English
The English curriculum at Sea Crest School includes the instruction of reading and writing with the supporting skills of grammar, punctuation, spelling, handwriting and speaking. Keeping our core beliefs in these areas in mind, our program emphasizes the development of skills necessary for clear communication while discovering the joy of fine literature and satisfaction of creatively expressing one's thoughts in writing and speech.
Reading
- Reading is a process of “making meaning,” not decoding.
- Reading should happen daily.
- Reading should be enjoyable.
- Reading is holistic (Language Learning + Understanding).
- Reading is connected to writing.
- Children need to be read to on a regular basis for pure enjoyment and to experience expressive/fluent reading.
- Reading is personal.
- Reading should reflect the appropriate level and interests of the student (Just-Right Books); students need to feel successful as readers.
- Choice fosters a love of reading.
- Readers need to be able to reflect on their own progress/process.
- Readers read for many different purposes.
- Reading for information requires a different set of skills and strategies.

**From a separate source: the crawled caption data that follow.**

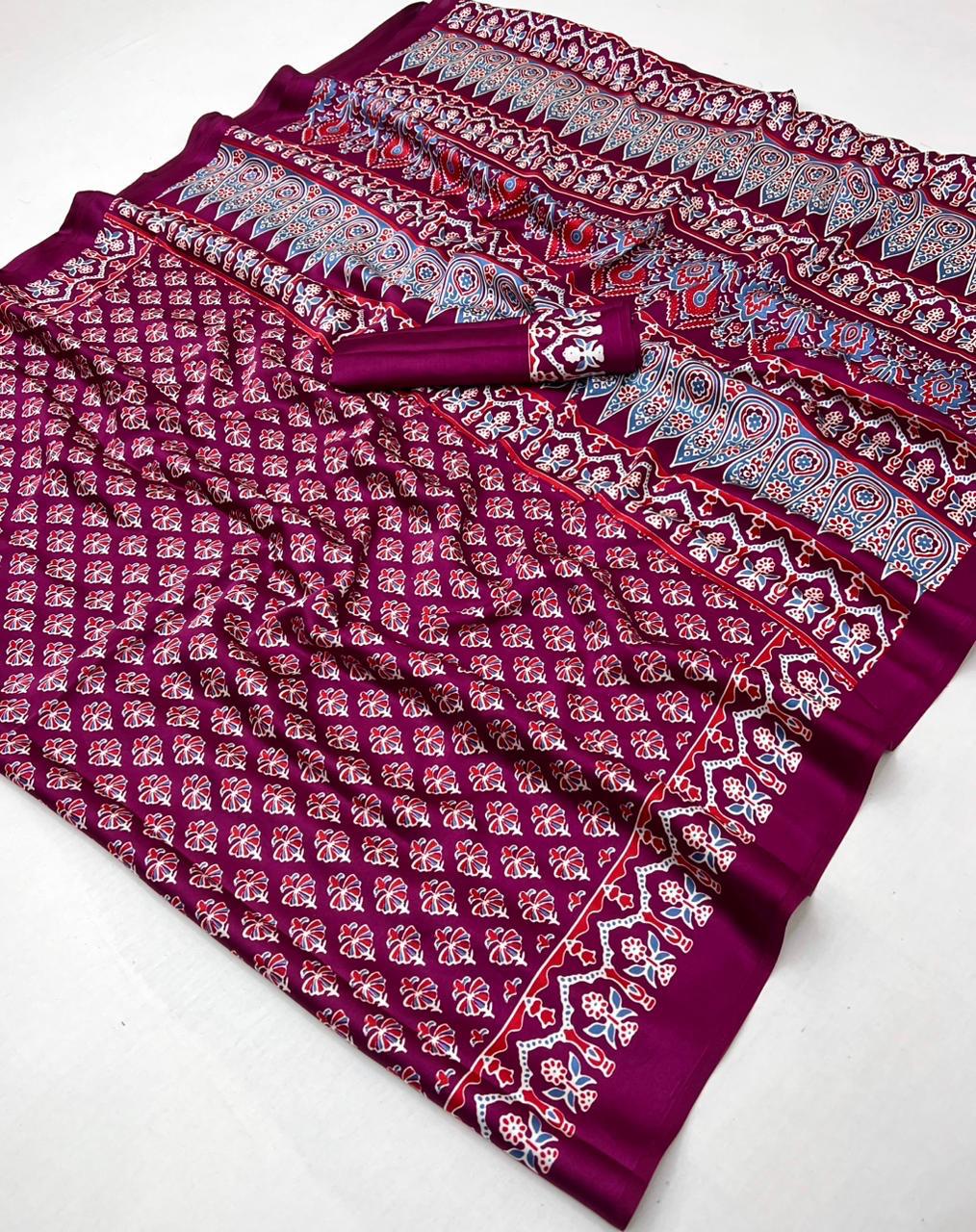 Pure Ajrakh modal satin fabric featuring traditional printed motifs with rich, earthy tones and a soft, breathable feel, perfect for all-day elegance.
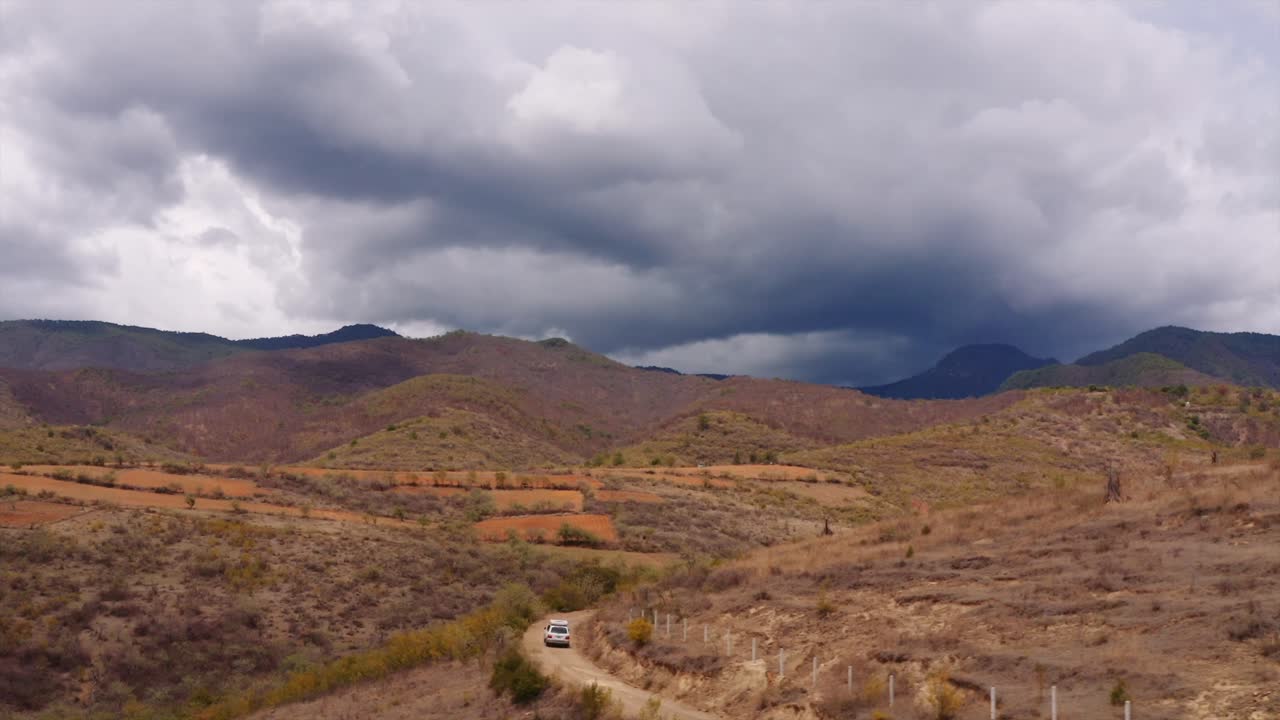 Vista aerea che segue un Landcruiser con tenda da tetto mentre si dirige verso le tempestose montagne di Oaxaca, Messico.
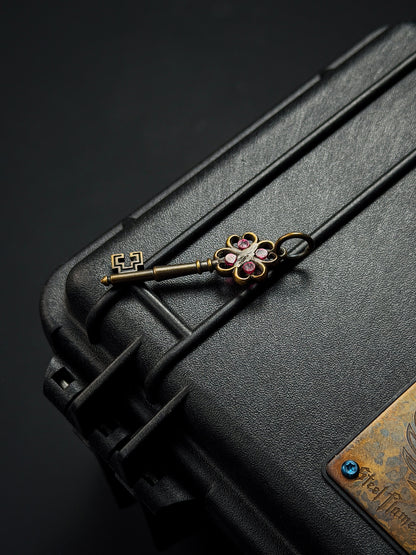Rare Vintage Steel Flame Bronze Key Pendant with Ruby Inlay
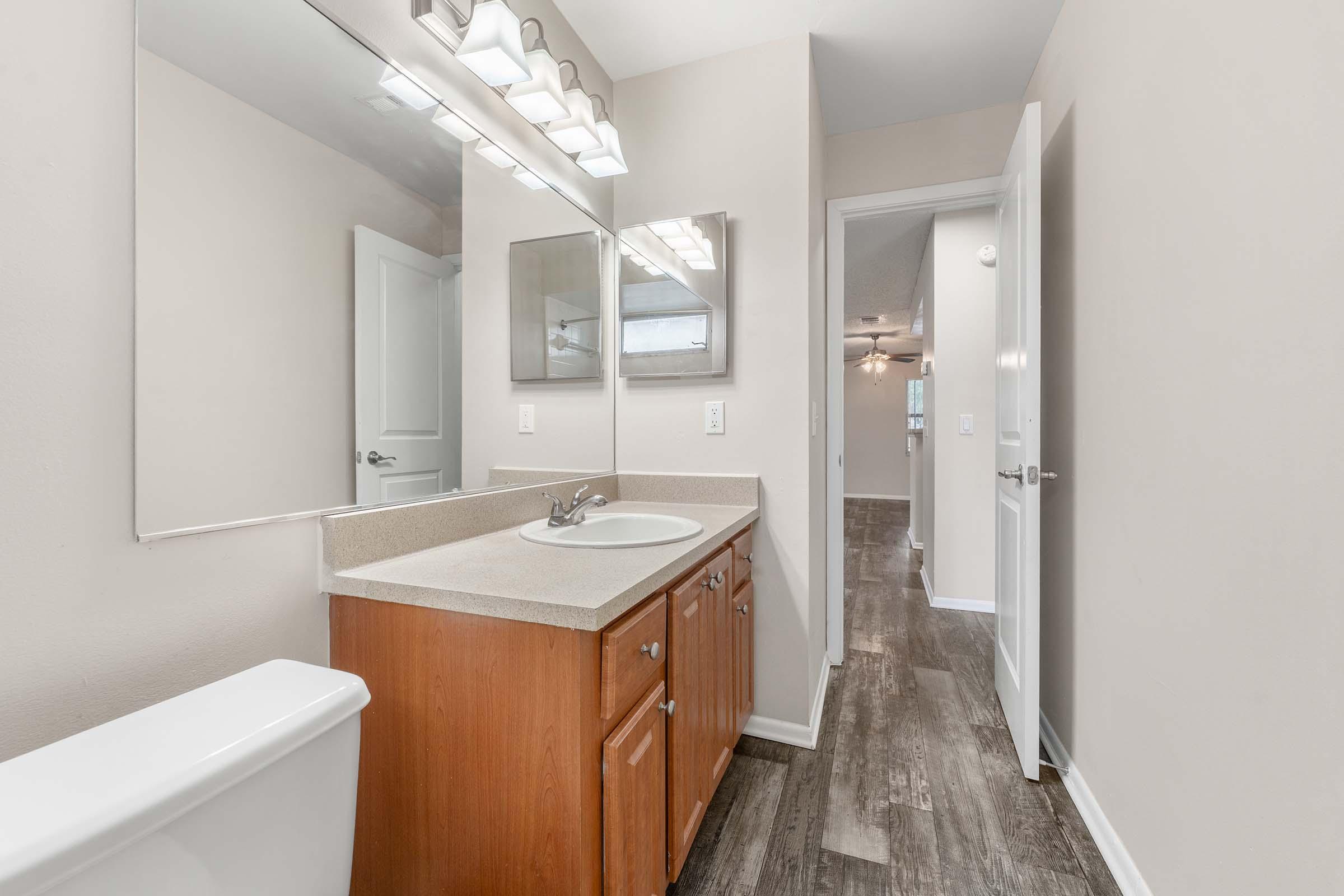 a kitchen with a sink and a mirror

- Reading instruction should teach towards independence (Introduce/Model/Guided Practice/Independence).
Writing
- Everyone is a writer.
- Writing is a tool for thinking.
- Writing grows out of many different purposes. Writing is purposeful.
- Writing is a complex process.
- Writing, Reading, and Speaking are related skills (interconnected).
- Writing development is on a continuum.
- Conventions of finished and edited texts are important to readers and therefore to writers.
- Writing is a form of individual expression (students need to be allowed to find their own voices).
- Writing should happen daily for many purposes across disciplines.
- Writing instruction should build towards independence (teacher as coach, not dictator).
- Writers need strong modeling of both process and product (immersion in genre-specific mentor texts).
- Instruction during the immersion phase needs to be explicit to make the most of mentor texts. (What makes this piece effective? What lesson can you take away from this mentor and apply to your own writing?)
- Mini-lessons and student conferences provide teachers with the opportunities to “coach” students through the writing process.